Yes it is "just a T.V. show", but with science fiction it still has to have its own internal reality and integrity to give it credibility. Loss of that credibility renders it unwatchable for the most part.
Please -
please - note, this has NOTHING WHATSOEVER to do with either of the actors.
It also has nothing to do with the character of Daniel and his absence. It has
everything to do with plain common sense. So for the moment,
forget Daniel; he's out of the picture.
Concentrate instead on the people whose job it is to select a fourth team member. I'm not an expert on the American military system, but I wouldn't expect a lowly - and somewhat wayward
- colonel to have the right of veto over whom he has assigned to his team. I'd expect his opinion to be canvassed and to be taken into consideration but (and correct me if I'm wrong here) I would think that the Joint Chiefs of Staff at the Pentagon would have the final say in the matter.
Now, we know from 'Proving Ground' that the S.G.C. has its own selection procedures, so it is clearly canon that they don't take any Tom, Dick or Jonas from a less advanced planet and with no relevant qualifications and stick him in S.G.-1, no matter how fast he can read or how long he can hold his breath under water.
On top of this, Quinn cannot keep his head in a crisis - and I'm not talking about the explosion here but its aftermath.
When the chips were down, he colluded with the scientists to blacken the name of the guy who saved not only his life but the lives of millions of people. He clearly hadn't thought it through very well...
The high ranking advisor to the High Minister tells one story and the scientists, who have to cover up their ignorance and incompetence to save their jobs, tell another. And the High Minister is going to believe their tale rather than his advisor's account? Yeah, right!
Further to that, having come clean about it - which would have involved admitting he'd lied in the first instance - he does a runner to the Tau'ri. Again, he hasn't thought it through very clearly...

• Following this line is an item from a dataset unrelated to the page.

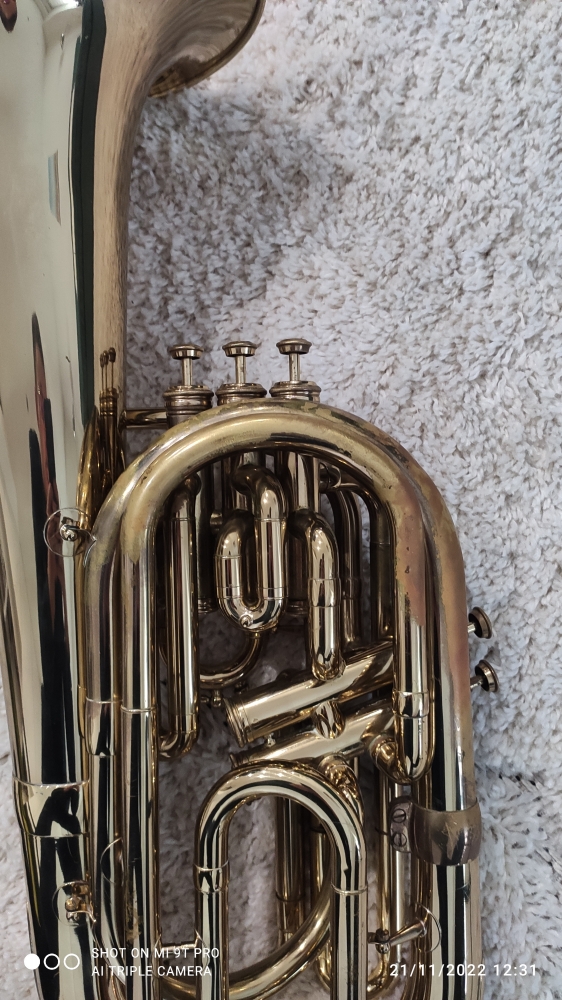 Saxhorn courtois AC 166 5 pistons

He's met a small number of Tau'ri who, logically, have been chosen for their ability to make their country look good besides all their other skills. A bit like car salesmen then.
He knows nothing about the Tau'ri except what they've told him. For all he knows, their 'High Minister' could be someone like Saddam Hussein who would hand him over to the N.I.D. and use the naquadria to make a bomb to destroy Colona. And he's played straight into their hands!

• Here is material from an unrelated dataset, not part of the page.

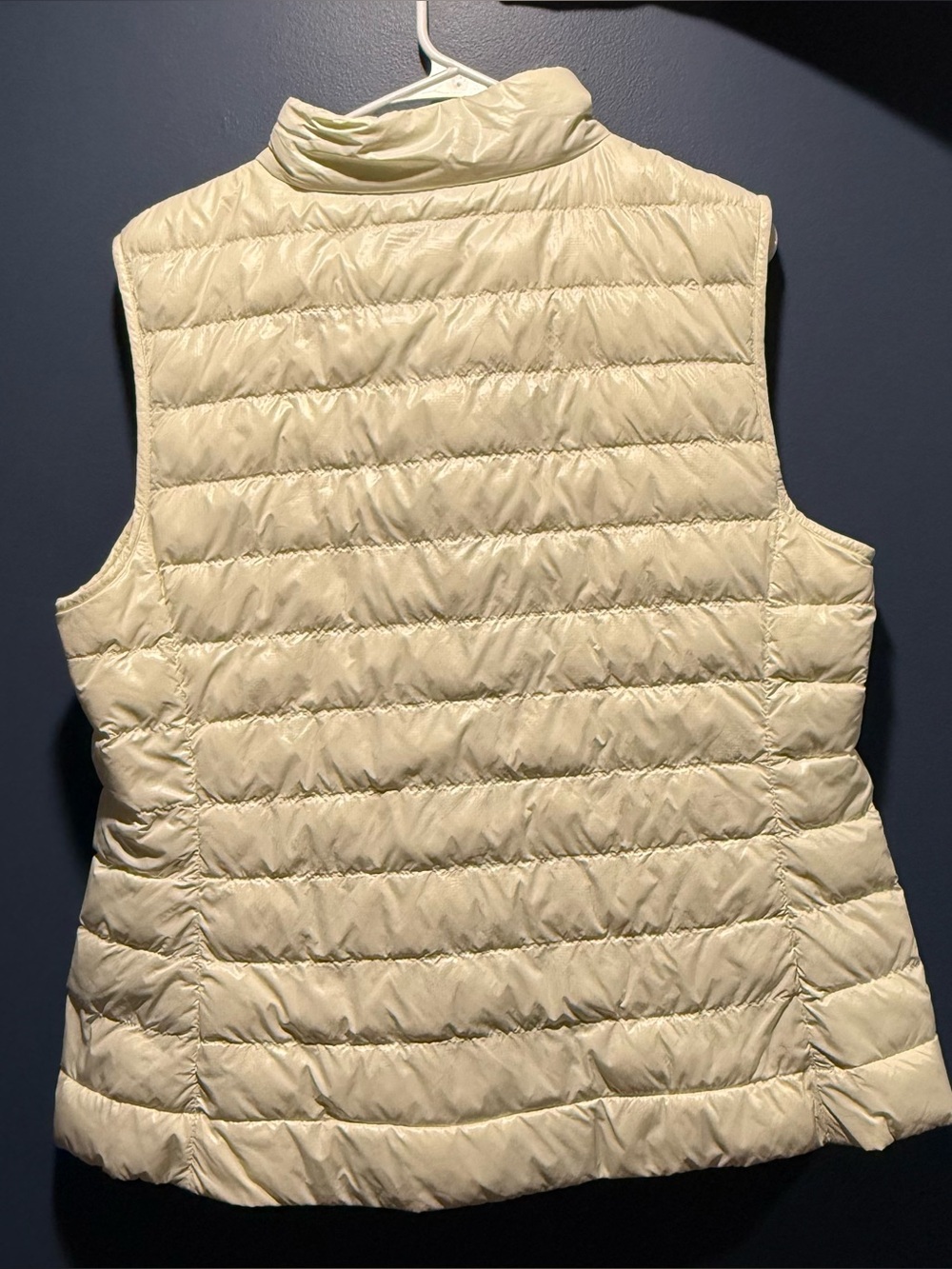 Vineyard Vines Women’s Puffer Vest in Cream Color - Picture 2 of 6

All in all, not a very dependable person to employ in the defence of our world.
And the stupid thing is that the whole sorry mess could have been avoided if Quinn had been written as a believable character - another member of the S.G.C.'s anthropology department who'd worked alongside Nyan and Robert Rothman for instance. He would then have been able to have taken the moral high ground as Daniel was wont to do and, as a demonstable moral bankrupt, he was unable to do, thus forcing Jack to take on that role. Incroyable!
As you say, it was my loss, hence my great dissatisfaction with the implausible way Quinn was introduced and the appalling character he was given.